METTERE IN CAMPO I BABY DEL VIVAIO NON È UN RISCHIO MA UN’OCCASIONE
he Mourinho sia un grande allenatore non c’è dubbio ed è certificato dal suo curriculum straordinario. Che sia un grande comunicatore è dimostrato dalla sua capacità, ogni volta che parla, di aprire un dibattito. Così ha fatto anche dopo la partita con il Genoa, rivelando il contatto con il Portogallo, difendendo Zaniolo, esaltando giustamente le doti superiori di Dybala, criticando aspramente la formula della Coppa Italia.
È sfilata invece un po’ sotto silenzio una frase riferita ai giovani. «Quando gli impegni aumentano, se cambi molto e dai spazio a tanti giovani finisci poi per rischiare». Tutto questo alla fine di una gara in cui tra i migliori c’è stato sicuramente Edoardo Bove. Un centrocampista di grande intelligenza tattica, umile nell’atteggiamento e spregiudicato nell’andare ad attaccare l’avversario, sempre silenzioso e professionale fuori dal campo. E che finora ha avuto poche occasioni per dimostrare il proprio talento. Fermo restando che Mourinho ha dato ampia dimostrazione di lungimiranza, con Felix, Zelensky, Tahirovic e Bove quello che colpisce - nello svolgimento e non riguarda esclusivamente il tecnico portoghese - è considerare i giovani come serbatoio di emergenza e non di prospettiva. Quando c’è la sensazione che dovrebbe essere esattamente il contrario. Puntare sul futuro, pianificando un percorso di crescita, ed eventualmente far ricorso all’esperienza - ai calciatori più maturi - nel momento della difficoltà.

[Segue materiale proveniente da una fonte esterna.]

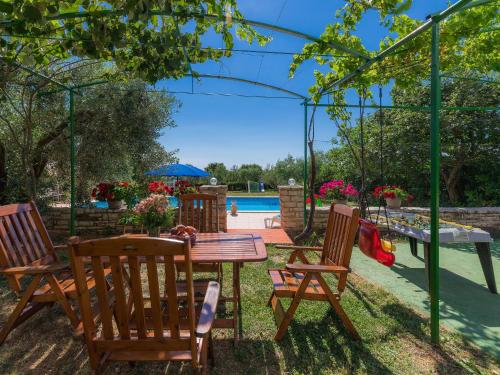  Apartment Ivan & Tina - ROJ455 by Interhome in Kanfanar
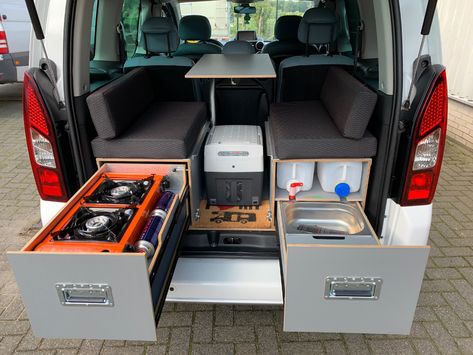 MICA Camper box with seating, kitchen and bed modules!- 3DotZero Automotive BV Berlingo Camper, Camper Box, Kangoo Camper, Minivan Camper Conversion, Kombi Van, Mercedes Camper, Suv Camper, Combi Van, Auto Camping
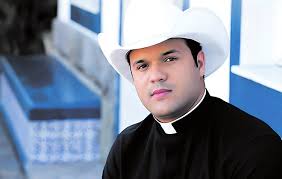 Programação religiosa e festiva marcam Festa de Santo Agostinho Vereadores  aprovam PL e criam Dia da Reforma Luterana Sábado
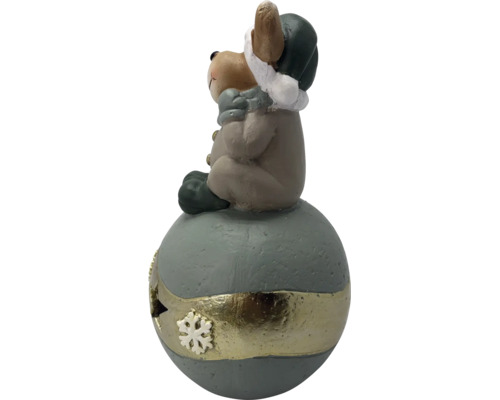 Weihnachtsfigur aus Kunststein, Tier mit Mütze und Schal auf einer Kugel mit Band und Schneeflocken-Motiv
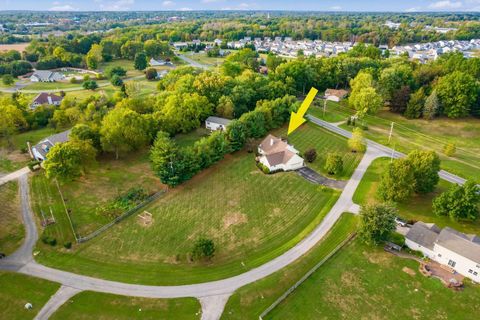 Tiny photo for 640 Curve Road, Delaware, OH 43015 (MLS # 225036471)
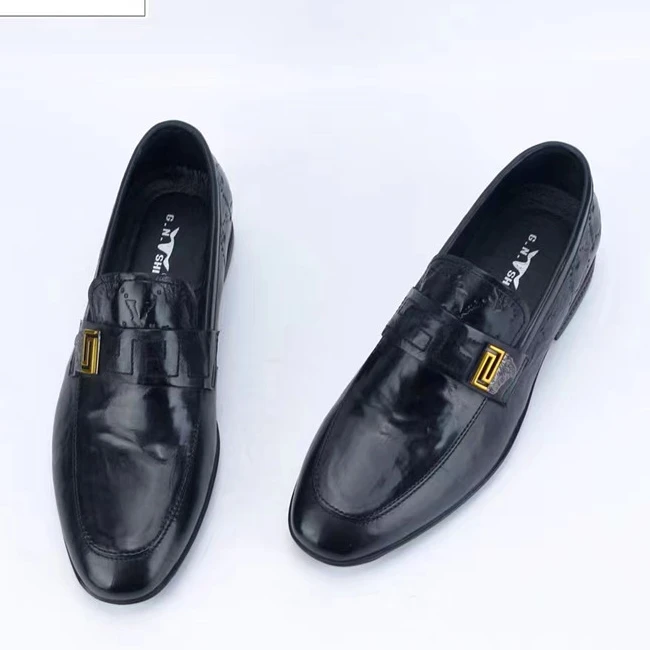 商务休闲皮鞋，黑色经典百搭舒适软底真皮休闲皮鞋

Nel caso di Bove, che abbiamo preso come esempio, verrebbe facile e banale chiedersi: ma siamo sicuri che sia stato giusto metterlo magari dietro a Camara, che è stato acquistato in tutta fretta a fine mercato? Non si potrebbe pensare a questi ragazzi come risorse su cui porre le basi di un autentico progetto? Se ci pensate anche alla Juve è successo qualcosa di simile, con Fagioli e Miretti chiamati in causa solo o soprattutto di fronte a una lunga serie di infortuni. A loro, in un momento particolarmente delicato, è stato chiesto di tenere la squadra in linea di galleggiamento. E lo hanno fatto subito bene, rispondendo perfettamente alle attese. Ma giocatori così, di queste qualità, non meriterebbero di essere considerati potenziali titolari, al pari dei loro concorrenti più maturi? Una situazione analoga si è verificata al Milan,
dove Kalulu è oggi un perno della difesa. Ma se non ci fossero stati problemi a raffica nel pacchetto difensivo rossonero, avrebbe avuto lo stesso spazio o si sarebbe dovuto accontentare di fare una lunga anticamera, perdendo magari tempo prezioso? Invece eccolo lì, a 20 anni Campione d’Italia. Già, 20 anni. Come i 21 anni che compirà tra pochi mesi Bove, per tornare all’esempio iniziale. Un’età in cui si viene ancora considerati bambini. A differenza di quanto succede all’estero, dove a 18 anni - quando si è bravi - si può essere titolari in squadre protagoniste non solo nei vari campionati, ma anche in Champions. E loro lì, in prima fila, senza preoccupazioni: né, come detto, degli interessati e né di chi li manda in campo. Forse bisognerebbe allargare il campo ad altre attività e non solo al calcio. Perché succede spesso che a 30 anni (e oltre) si venga considerati ancora… ragazzi. Con un esercizio estremo e immotivato di prudenza. Come se a fare la differenza - e non c’entra essere giovani o meno non sia sempre e banalmente la qualità.